Time and Distance

The sky was a pale faraway blue edged with surfy white clouds – the look it gets as autumn approaches and the sun steps back. House martins were gathering on the wires – separate black notes on a page of music.

I saw things from the corner of my eye – a clump of seeding thistles huddled in a field, tufty white heads nodding sagely, the ghost of an egret taking off from the stream, a scattering of young pheasants in the dry grass, a tortoiseshell butterfly incongruously perched on an alloy wheel, the sharp silvery leaves of the Carline thistle. It’s strange how things sometimes seem clearer sideways-on. Stars are seen best on the edge of vision.

On the coastal path at Abbotsbury plants, were anticipating autumn. The multi-coloured berries of nightshade hung in strigs over the pebbles, bristly ox-tongue was seeding vigorously and teasels revealing their exquisite architecture. Tamarisk bushes were flowering desperately, pink feathery flowers in disarray, looking as though they’d got up late, and almost missed the summer.

Along the verges, tall stems were silhouetted against the sky, each one topped with what looked like a carelessly packed parcel of black yoyos dangling spindly strings. These wild leeks (known as Babbington’s leeks) dominated the hedgerow.

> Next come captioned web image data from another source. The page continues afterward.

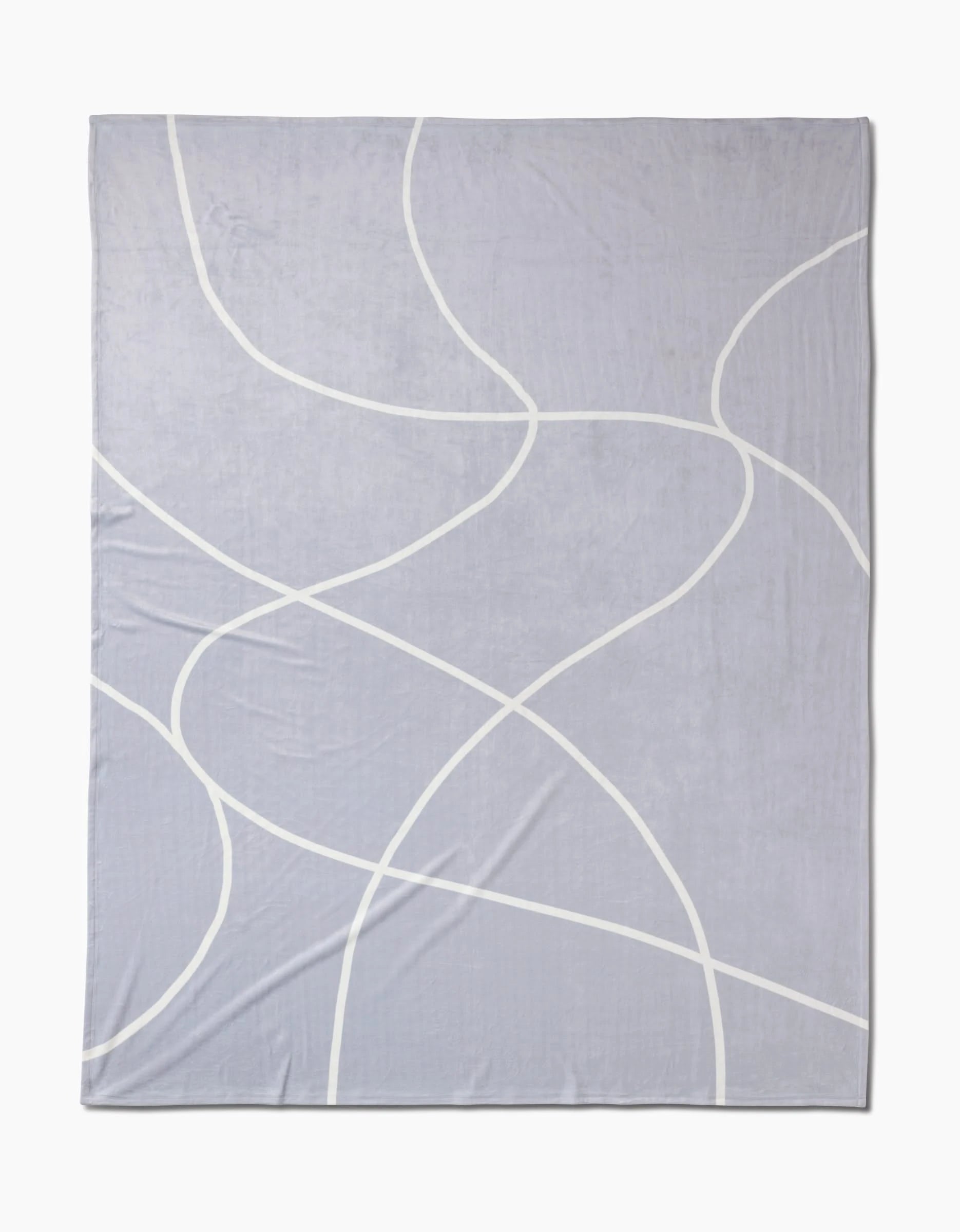 The Crossover Eco-Friendly Blanket by Geometry features a light gray base with intersecting, thin wavy white lines in a simple, modern design.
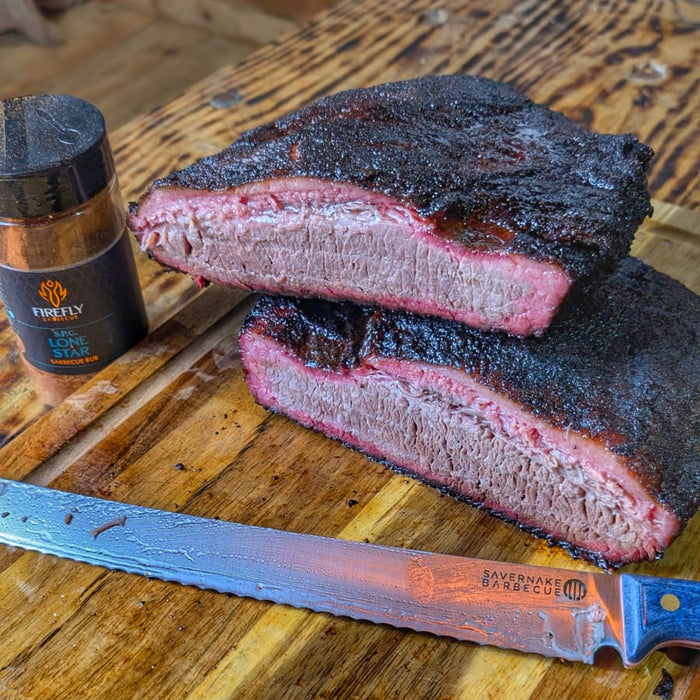 Smoked beef brisket with barbecue rub on wooden board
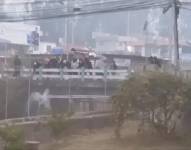 Momento en el que encapuchados rompen una tubería de agua en Ibarra.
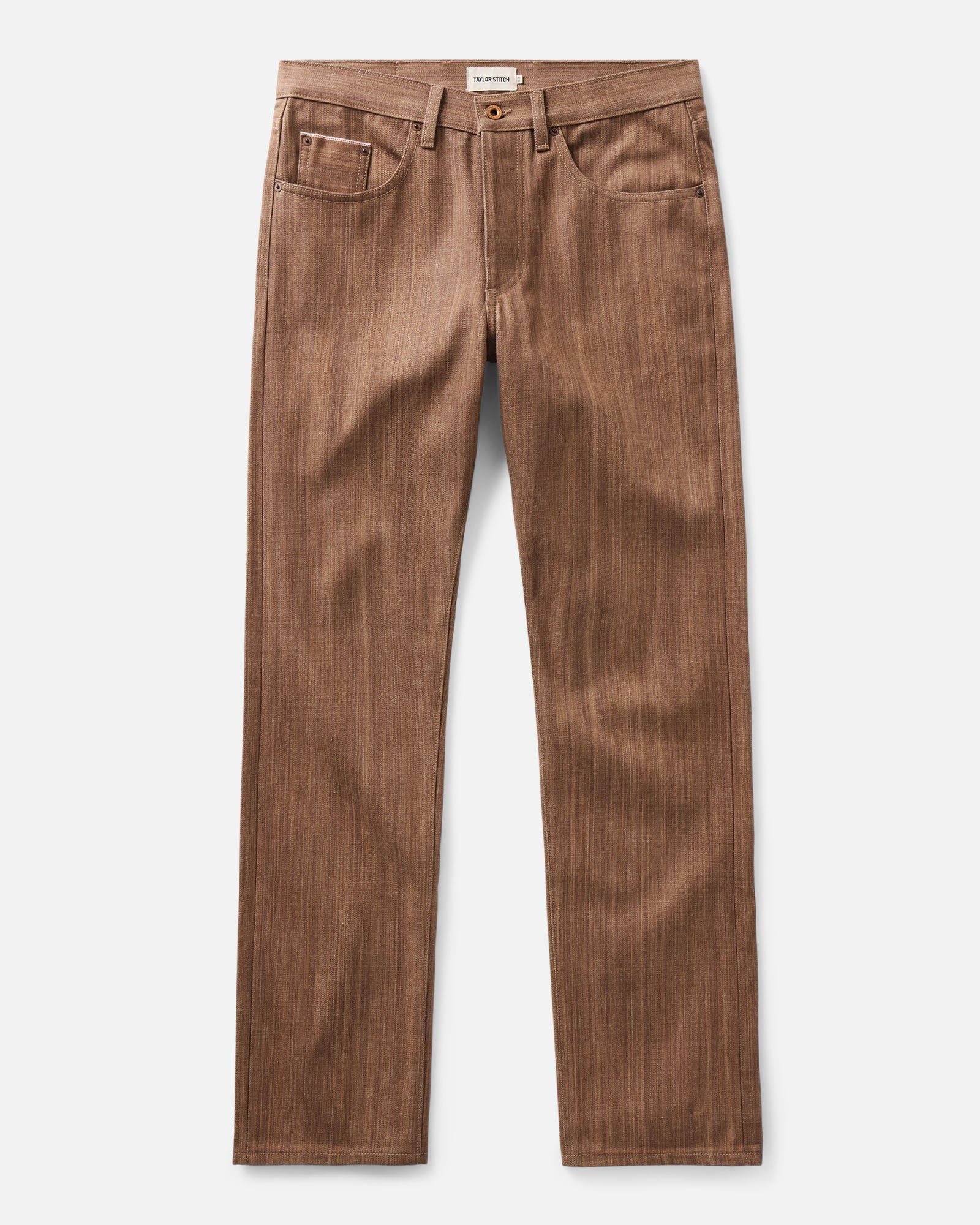 flatlay of The Straight Jean in Kakishibu Selvedge, Bottoms by Taylor Stitch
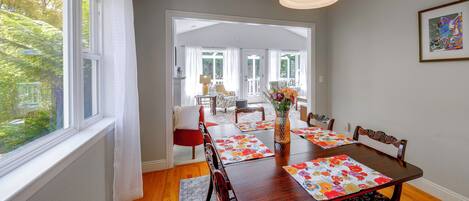 A dining area with a wooden table, chairs, and a vase of flowers.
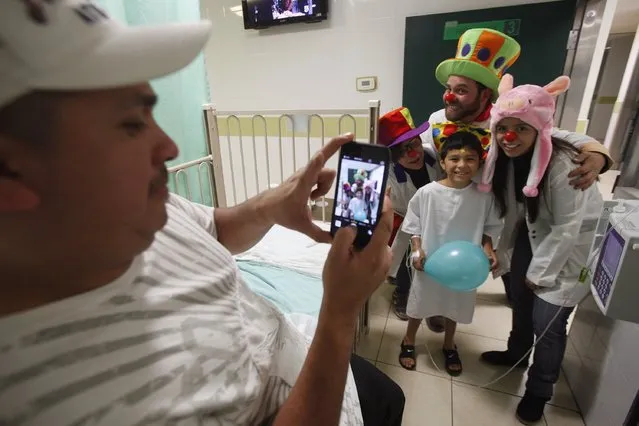 A man takes a picture of his son with members of “Laughter Doctors of Ciudad Juarez” at a children's hospital in Ciudad Juarez March 11, 2015. (Photo by Jose Luis Gonzalez/Reuters)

Thought to have originated from prehistoric times, this is a perennial plant which grows well here – behind the beach, sheltered from the salty winds by the Chesil bank. Earlier in the summer lush strappy leaves surrounded pastel green stems, each with a globular flower head encased in a tissue-like membrane. In midsummer the membranes tear into little pixie hoods revealing a bunch of round bright green seeds from which grow small pinky-mauve flowers on thin stalks. Now the seeds were black as billiard balls, ready to roll.

On the shingle, sea pea extended thin green fingers, pointing towards the sea. Clumps of sea campion lay low, seed heads bobbing in the wind like tiny paper bags. A line of anglers marked the shoreline. Unfortunately their rubbish littered the strandline – a silvery shoal of polythene bags, bottles, cellophane and tinfoil barbeque trays.

From the corner of my eye I saw a strangely shaped pebble. It was a fossilised sea urchin, ground down and misshapen by sea and shingle. It seemed to squint at me from the distant past.